HIPAA Blog

[ Wednesday, April 14, 2004 ]

 

Today's the day for small plans. As this article points out, today's the deadline for small (less than $5,000,000) health plans to be compliant with the HIPAA privacy rule. And "plan" includes any employee health benefit plan, even if it's fully insured.

A "health plan" is any plan that pays for or arranges for the payment for or provision of healtht care services, and includes any plan defined under ERISA. Most of the HIPAA privacy rules for health plans are found at 45 CFR 164.504(f), but the specifics of what the plan must do depend on (i) whether the plan is fully insured and (ii) just how much PHI the plan receives.

One very important distinction in figuring out how your plan complies with HIPAA: the rules apply to your plan, not to your company. This seems like an artificial distinction, but it is very real. Many years ago, if a company provided insurance to its employees, it simply bought insurance from an insurance company like Blue Cross. If an employee or an employee's family member had a health problem, the employer would not know about it other than through the workplace grapevine; if the employee was discrete, the employer would never know that the employee was at high risk to have a heart attack, for example. Since ERISA, companies now self-insure or establish health plans where the "plan" receives health information that might be peeked at by the company; the company never would have received this information in the past, but now could look and, for example, decide to fire the employee who was at risk of a heart attack.

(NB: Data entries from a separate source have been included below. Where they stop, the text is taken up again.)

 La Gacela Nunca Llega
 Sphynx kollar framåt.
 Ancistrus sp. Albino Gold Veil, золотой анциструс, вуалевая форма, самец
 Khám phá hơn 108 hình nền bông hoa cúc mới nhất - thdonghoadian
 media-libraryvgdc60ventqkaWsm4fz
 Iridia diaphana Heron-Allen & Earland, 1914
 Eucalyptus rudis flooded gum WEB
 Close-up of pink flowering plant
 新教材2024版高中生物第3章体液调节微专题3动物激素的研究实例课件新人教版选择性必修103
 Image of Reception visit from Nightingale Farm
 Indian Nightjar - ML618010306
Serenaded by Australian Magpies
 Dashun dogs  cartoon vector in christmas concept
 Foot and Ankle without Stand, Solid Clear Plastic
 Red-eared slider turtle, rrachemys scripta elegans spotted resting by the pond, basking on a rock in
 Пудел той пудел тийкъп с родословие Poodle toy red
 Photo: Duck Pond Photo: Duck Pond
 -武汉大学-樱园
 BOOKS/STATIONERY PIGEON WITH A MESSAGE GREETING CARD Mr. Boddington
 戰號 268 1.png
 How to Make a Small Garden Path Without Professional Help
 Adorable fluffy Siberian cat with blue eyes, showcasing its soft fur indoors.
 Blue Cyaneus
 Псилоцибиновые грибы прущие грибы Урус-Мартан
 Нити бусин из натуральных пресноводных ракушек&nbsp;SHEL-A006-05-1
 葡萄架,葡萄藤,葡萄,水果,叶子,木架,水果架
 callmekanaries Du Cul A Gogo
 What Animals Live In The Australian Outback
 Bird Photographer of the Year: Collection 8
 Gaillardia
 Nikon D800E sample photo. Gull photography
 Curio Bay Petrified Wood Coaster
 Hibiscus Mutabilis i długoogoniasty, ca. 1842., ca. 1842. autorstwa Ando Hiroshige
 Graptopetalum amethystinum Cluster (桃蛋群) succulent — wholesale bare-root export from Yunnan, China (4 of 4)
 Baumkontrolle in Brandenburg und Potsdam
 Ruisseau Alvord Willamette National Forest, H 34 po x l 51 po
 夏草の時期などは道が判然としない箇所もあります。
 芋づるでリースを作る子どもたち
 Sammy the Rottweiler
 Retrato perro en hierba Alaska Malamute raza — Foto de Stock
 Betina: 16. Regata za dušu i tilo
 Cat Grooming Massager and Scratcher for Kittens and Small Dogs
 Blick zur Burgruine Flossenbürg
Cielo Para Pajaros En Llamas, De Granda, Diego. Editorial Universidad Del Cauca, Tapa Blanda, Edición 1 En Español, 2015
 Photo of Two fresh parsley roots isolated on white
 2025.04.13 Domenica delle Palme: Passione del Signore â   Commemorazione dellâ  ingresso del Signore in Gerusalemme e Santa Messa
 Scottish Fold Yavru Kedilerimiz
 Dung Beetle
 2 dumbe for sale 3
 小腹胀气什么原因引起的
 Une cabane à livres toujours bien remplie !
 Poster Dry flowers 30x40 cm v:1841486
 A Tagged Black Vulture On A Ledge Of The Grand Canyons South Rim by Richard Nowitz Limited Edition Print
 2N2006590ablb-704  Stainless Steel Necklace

There are reasons the plan needs to have and use the information, but the company shouldn't have access to it; that's what HIPAA tries to ensure by making a distinction between the plan and the employer.

General rules for such plans are:

-- Except for "summary plan information" (information stripped of identifiers that is used to shop for coverage and premiums) and information on whether someone is enrolled or not, the plan can't disclose PHI it receives to the company, and the company can't use the information it receives for employment-related decisions.
-- If the plan gets PHI, the plan documents should be amended to make sure the PHI is protected and the plan participants have their rights protected.
-- The plan must restrict uses and disclosures of PHI it holds to HIPAA-allowed uses and disclosures.
-- The "minimum necessary" rule applies to disclosures by the plan.
-- The plan must have a Notice of Privacy Practices (NoPP) and deliver it to the beneficiaries, although the insurer (if the plan is not self-insured) can be the one to provide it.
-- The plan must comply with the administrative requirements of HIPAA (have a privacy officer, train the staff, have a complaint procedure, etc.), but if the plan is not self-insured and doesn't receive PHI other than summary health information and enrollment data, the only administrative requirements it's required to meet are that it can't retaliate against complainers, can't make beneficiaries waive their HIPAA rights, and must document what it's done to comply with HIPAA, including documenting the amendments to the plan if those are done.

Basically, the plan must protect the PHI, and can't let the employer use it for bad purposes. Now, don't be fooled into thinking the employer can't ever have information that might otherwise be considered PHI. Some folks think HIPAA means that you can't announce when someone has had a baby or is sick. If the information only comes from the health plan, then the health plan must keep it secret. But if the employee tells co-workers, or if the information comes to the company from a source other than the health plan (for example, an on-the-job injury or a company physical required as a condition of employment), it isn't entitled to the same level of HIPAA protection.

Now, go and amend those plan documents!